A version of this piece was published in Marketing in 2008
The only billionaire I know collects earthmoving equipment. A visit to his house could well involve digging huge holes in the grounds, or filling them in – for him it’s a contemplative process, and a chance to indulge the engineer in him.
I couldn’t help thinking of him when I read Google’s latest announcement – the launch of their own web browser. Google Chrome will compete in what’s beginning to look once more like an interesting market.
The earliest popular web browser was Netscape’s Mosaic, which burst on to the scene in 1994. Within a year, Microsoft had launched Internet Explorer 1.0 which it distributed for free, and the first browser war was under way. By 1997 it was all over and Microsoft’s Internet Explorer began its domination of the sector – leveraging the software giant’s huge distribution strength.
And it’s not until recently that anyone’s been able to challenge this.
Two things have changed since 1997 that have made this possible. The emergence of the open source software movement (where communities of developers cooperate to create software for the common good) challenged the supremacy of big software companies.
Linux in operating systems. Apache in web servers, MySQL in databases, PHP in web programming – these open source projects now dominate the web’s architecture, changing the business model fundamentally for giants like Microsoft, Sun, and IBM. But it isn’t just software for IT people – this has impacted on consumers too, as the not-for-profit Mozilla Foundation’s Firefox browser has reached 20% market share.
According to NetApplications.com, Internet Explorer has fallen from 80% to 72% in the last 18 months, with almost all of this going to Firefox.
And if you install the Firefox browser on your computer, you’ll see a clue to what else has changed.

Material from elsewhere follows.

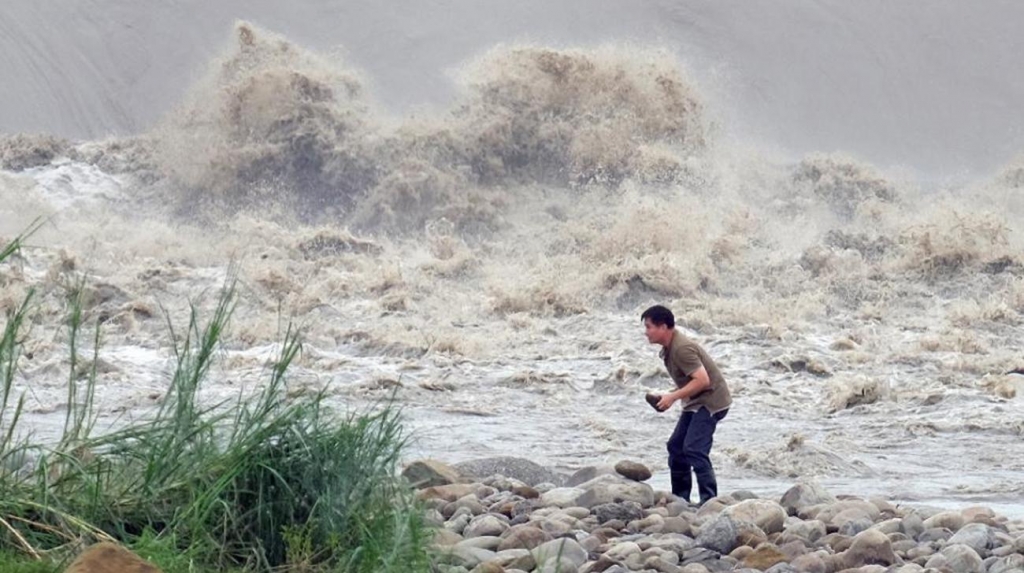 A resident collects stones from the Xindian river after typhoon Dujuan passed New Taipei City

Because integrated into the toolbar in Firefox is a search panel, which provides listings from Google.
Almost all of Mozilla’s income derives from this search panel – their deal with Google helped them earn $61m in 2006 (the last published accounts), since when their market share has rocketed.

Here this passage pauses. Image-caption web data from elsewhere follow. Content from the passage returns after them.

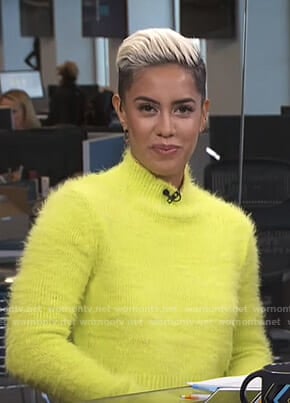 Sibley’s yellow fluffy sweater on Live from E!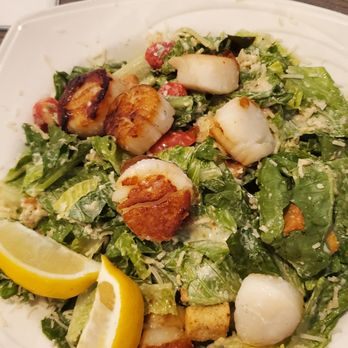 Atlantic Grille - Scallop Caesar Salad - A Caesar salad featuring grilled scallops, chopped romaine lettuce, cherry tomatoes, croutons, and grated cheese, garnished with lemon wedges. - Breakfast & Brunch Near Me - Middletown, Rhode Island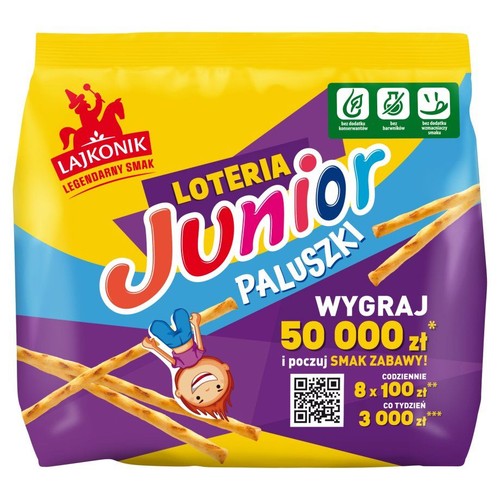 Żółto-fioletowe opakowanie paluszków Lajkonik Junior z loterią. Widoczne hasło "Wygraj 50 000 zł". Produkt bez dodatku konserwantów, barwników i wzmacniaczy smaku.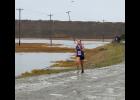 Lexi Blandford completed the Kotzebue XC Invitiational race with one shoe, after having lost the other one in a mud puddle. Photo by Chelsea Hubert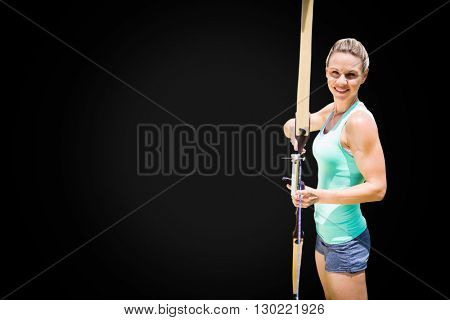 Portrait of sportswoman is practising archery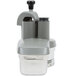 A Robot Coupe vegetable prep attachment for a food processor with two blades and a lid.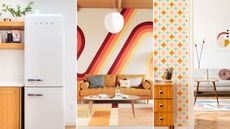 Three pictures of retro home decor - a kitchen with a white Smeg fridge, a living room with a wavy red and orange mural and orange couch, and an entryway with orange and blue star wallpaper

Google know that loyalty to their brand is low. Web users will use what’s to hand – it’s why distribution is critical to the search giant’s success, and it’s why Microsoft’s first move as they launched into battle with Google for the search market was to build Windows Live search into Internet Explorer.

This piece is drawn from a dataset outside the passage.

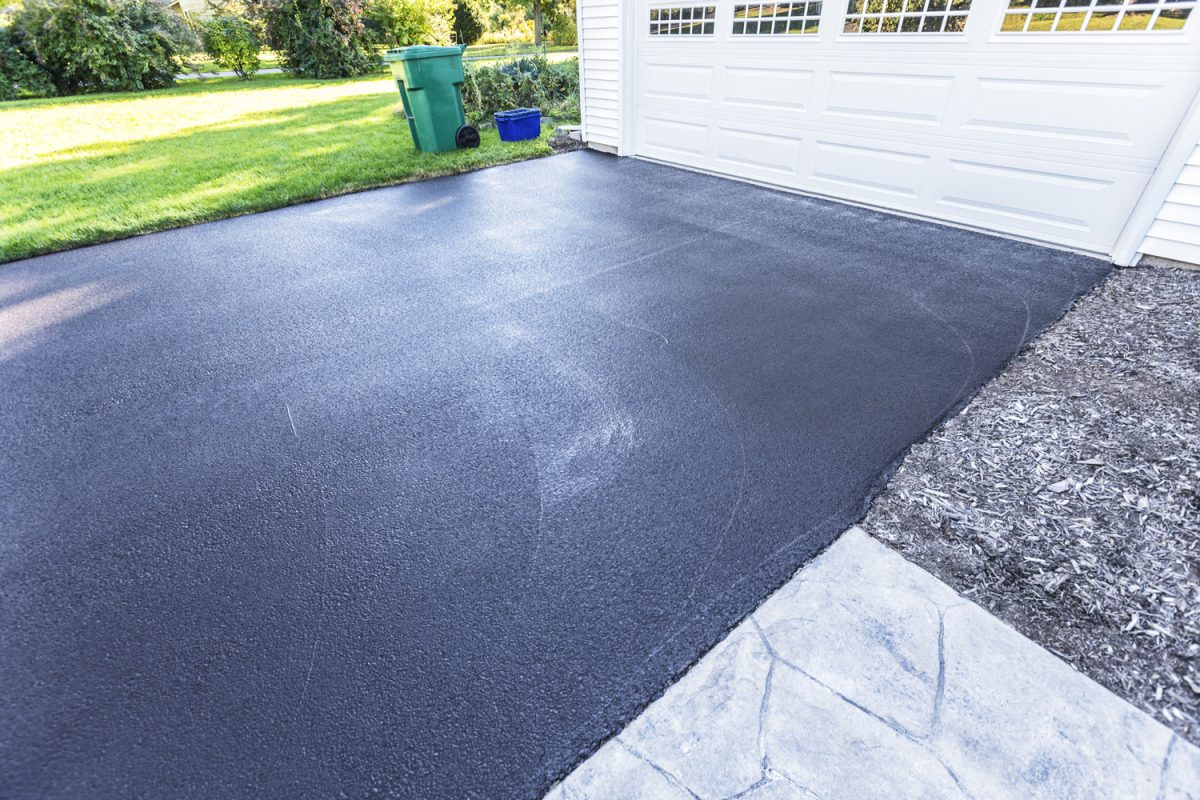 A fresh blacktop resealing job just finished on this asphalt driveway in a suburban residential district - What Is The Difference Between Tarmac And Asphalt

The official Google blog is pretty lukewarm about the new browser – “The web gets better with more options and innovations – Chrome is another option”. Hardly a ringing endorsement.
But one thing Chrome does do is tell Google what people are looking at – reporting back your surfing behaviour. It will add more suction to the data hoover that is Google and that may unsettle some.
But the real point of Chrome is a bigger one. The browser is the window not just onto the web, but on to all of the applications that reside there, from online storage (YoStore) to photo-sharing (flickr), word processing, spreadsheets (Google Docs). In the future, it’s believed, most computing power will reside online – accessed through a browser with little stored locally on our computers.
So browsers are a critical battleground for control of access to the future of computing and the internet, and Chrome’s features are designed to target this.
So whilst there’s little on the face of it that consumers can’t currently get from IE or Firefox, Chrome represents a more fundamental shift in direction. And because it’s open source, the development resource going into Chrome will boost progress of Firefox too.
Google are wealthy, and have a history of launching dozens of software plays and little history of making money out of them. But Chrome isn’t just a rich man’s hobby. It’s a sign that massive change is on the way for how we use the internet – a change that’s set to come at Microsoft’s cost.